→ **Problem description**
From the line with "Ranch-style home featuring" through the last line of the records below, both ends included, transcribe only those lines, exactly, and omit the pictures.

[Collected data]
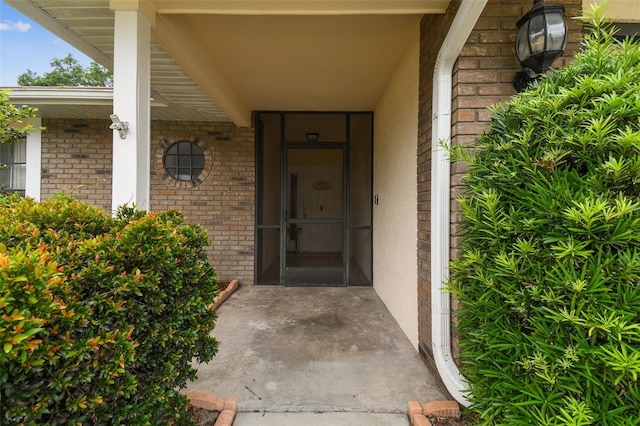 13127 Topflite Ct, Hudson, FL 34669 - doorway to property with brick siding and covered porch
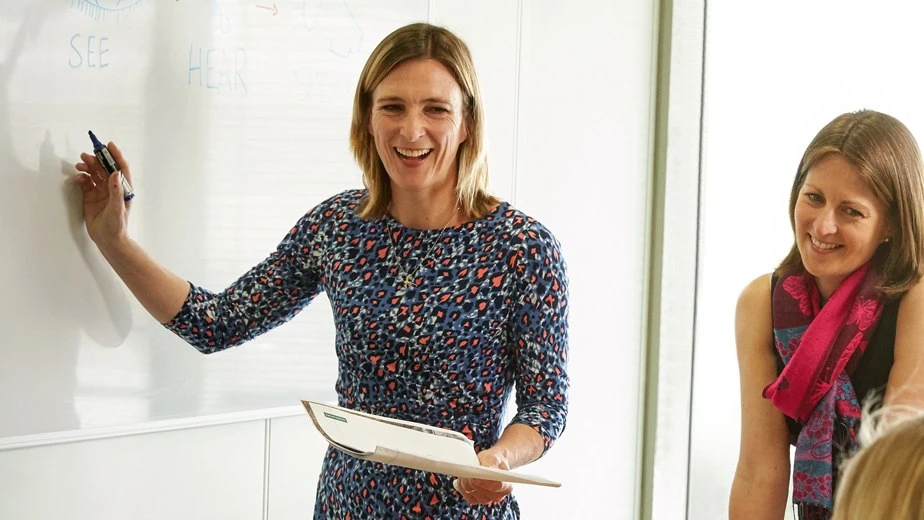 Women in meeting writing on whiteboard and laughing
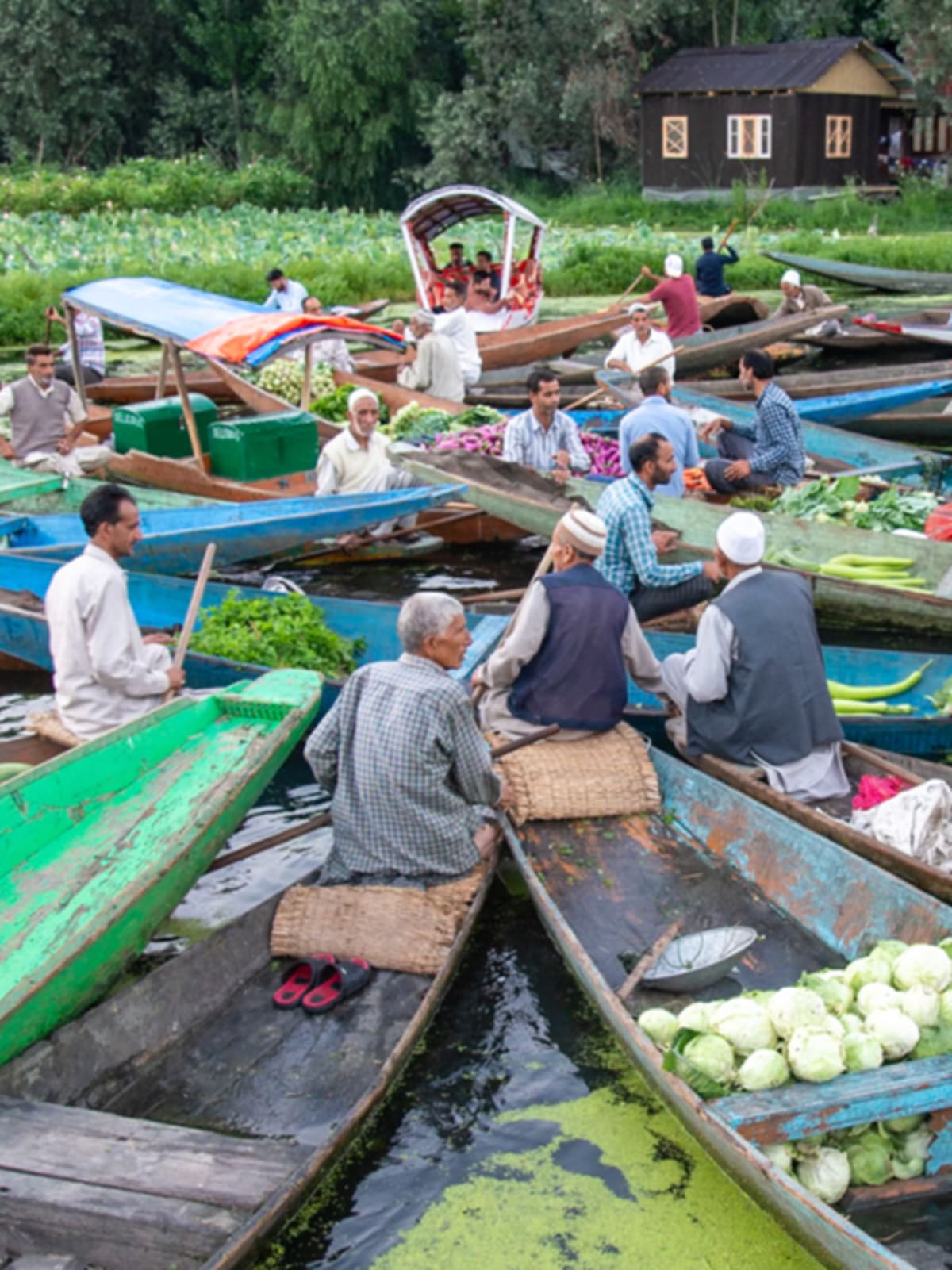 Wooden shikaras filled with vegetables gather at sunrise on Kashmir's Dal Lake floating market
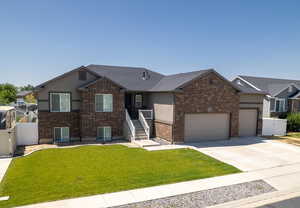 Ranch-style home featuring concrete driveway, brick siding, a garage, and stucco siding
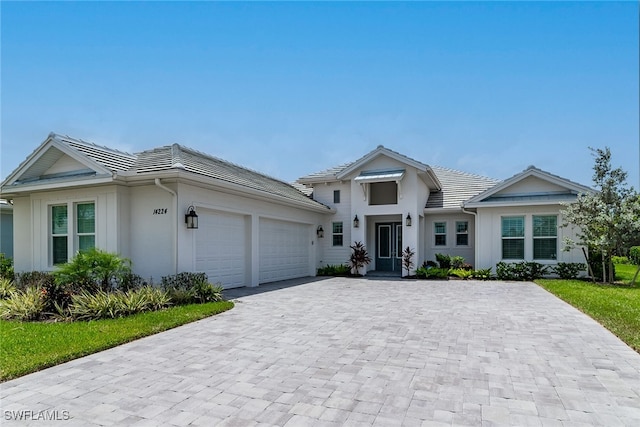 view of front of property with a garage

→ **Final answer**
 Ranch-style home featuring concrete driveway, brick siding, a garage, and stucco siding
 view of front of property with a garage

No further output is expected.